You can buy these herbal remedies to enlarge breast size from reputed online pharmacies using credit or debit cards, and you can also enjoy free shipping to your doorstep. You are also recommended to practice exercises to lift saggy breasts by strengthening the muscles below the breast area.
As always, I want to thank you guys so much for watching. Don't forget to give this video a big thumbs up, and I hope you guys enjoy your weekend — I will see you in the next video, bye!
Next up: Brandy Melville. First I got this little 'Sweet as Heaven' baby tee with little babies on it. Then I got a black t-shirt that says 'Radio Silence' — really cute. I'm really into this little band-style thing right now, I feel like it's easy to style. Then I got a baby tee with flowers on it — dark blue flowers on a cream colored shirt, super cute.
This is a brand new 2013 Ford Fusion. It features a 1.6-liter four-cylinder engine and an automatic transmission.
◆ ◆ ◆
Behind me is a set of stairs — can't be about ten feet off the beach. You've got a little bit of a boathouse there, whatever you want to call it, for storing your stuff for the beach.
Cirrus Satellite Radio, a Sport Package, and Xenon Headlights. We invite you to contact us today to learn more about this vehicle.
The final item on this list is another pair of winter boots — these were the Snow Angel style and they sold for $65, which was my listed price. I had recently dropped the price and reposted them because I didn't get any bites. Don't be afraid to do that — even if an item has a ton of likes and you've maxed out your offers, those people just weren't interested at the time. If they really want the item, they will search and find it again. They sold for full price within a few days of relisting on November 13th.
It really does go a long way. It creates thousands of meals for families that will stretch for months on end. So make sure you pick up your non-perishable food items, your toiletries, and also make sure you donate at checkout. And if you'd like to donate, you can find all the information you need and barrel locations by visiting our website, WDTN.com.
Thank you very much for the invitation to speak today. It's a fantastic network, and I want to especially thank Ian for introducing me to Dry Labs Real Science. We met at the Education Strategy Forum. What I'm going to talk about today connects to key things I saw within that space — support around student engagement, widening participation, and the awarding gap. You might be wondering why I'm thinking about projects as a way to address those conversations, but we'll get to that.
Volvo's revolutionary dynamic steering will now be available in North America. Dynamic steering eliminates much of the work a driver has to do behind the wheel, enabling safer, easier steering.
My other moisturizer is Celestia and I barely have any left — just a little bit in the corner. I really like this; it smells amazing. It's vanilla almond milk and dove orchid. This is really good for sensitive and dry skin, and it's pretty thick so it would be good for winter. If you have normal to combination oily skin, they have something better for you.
◆ ◆ ◆
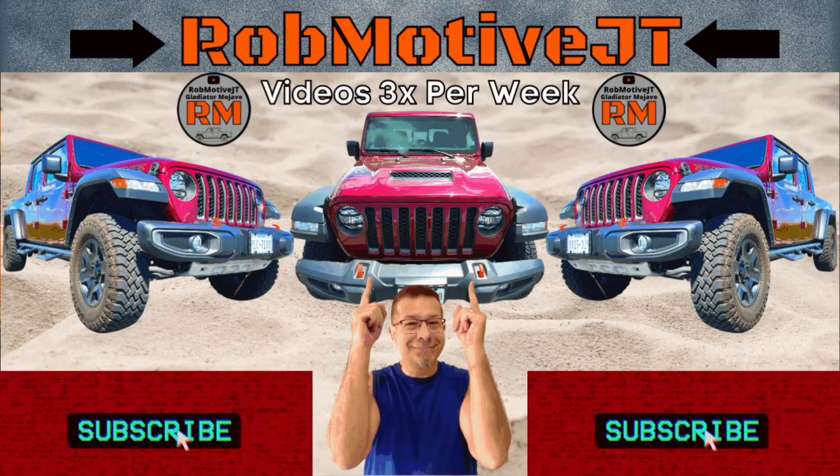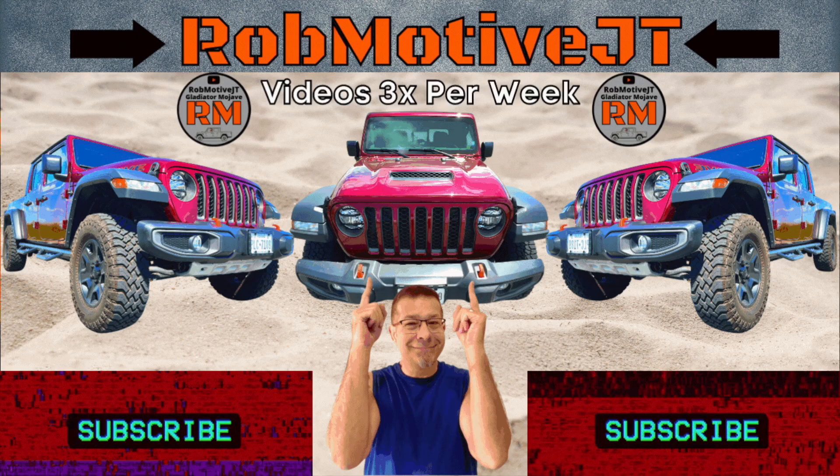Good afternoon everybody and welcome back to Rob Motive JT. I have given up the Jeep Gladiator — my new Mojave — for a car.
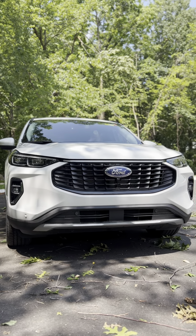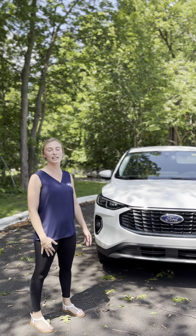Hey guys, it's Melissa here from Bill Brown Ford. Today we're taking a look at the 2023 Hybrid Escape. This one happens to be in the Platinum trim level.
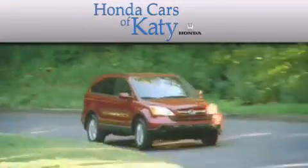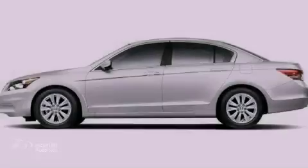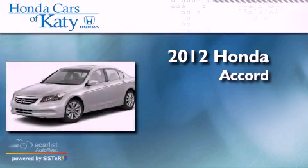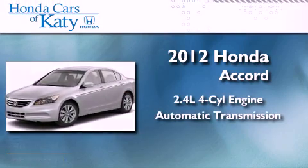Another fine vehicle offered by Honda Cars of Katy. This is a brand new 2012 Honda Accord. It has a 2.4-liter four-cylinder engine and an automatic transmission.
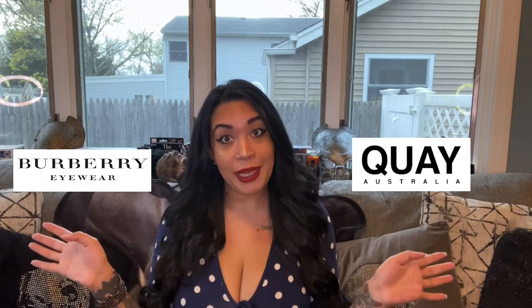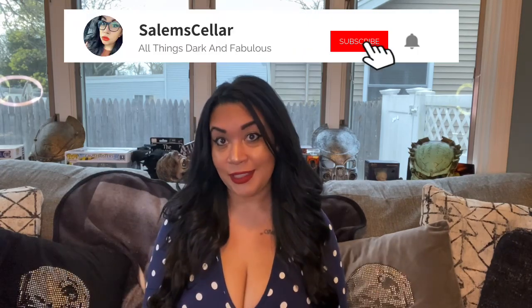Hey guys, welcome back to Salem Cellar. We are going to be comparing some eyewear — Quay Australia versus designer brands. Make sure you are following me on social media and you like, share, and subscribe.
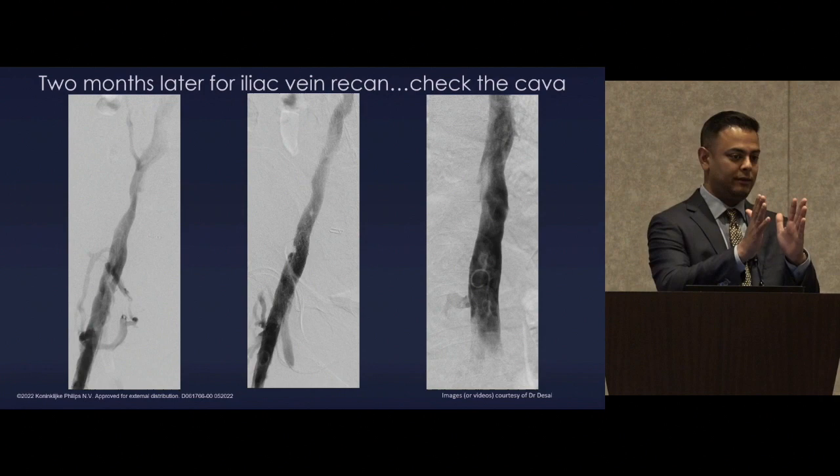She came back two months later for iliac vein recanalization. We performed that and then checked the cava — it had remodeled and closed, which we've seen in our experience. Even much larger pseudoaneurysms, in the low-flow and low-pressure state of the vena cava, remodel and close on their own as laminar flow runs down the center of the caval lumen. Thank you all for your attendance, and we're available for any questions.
◆ ◆ ◆
The task
Your task is to copy only the lines above starting at the one containing "Hey guys, it's" and ending at the one containing "Hey guys, welcome". Copy them exactly, both ends included, and omit the pictures.

Solution to this task
Hey guys, it's Melissa here from Bill Brown Ford. Today we're taking a look at the 2023 Hybrid Escape. This one happens to be in the Platinum trim level.
Another fine vehicle offered by Honda Cars of Katy. This is a brand new 2012 Honda Accord. It has a 2.4-liter four-cylinder engine and an automatic transmission.
Hey guys, welcome back to Salem Cellar. We are going to be comparing some eyewear — Quay Australia versus designer brands. Make sure you are following me on social media and you like, share, and subscribe.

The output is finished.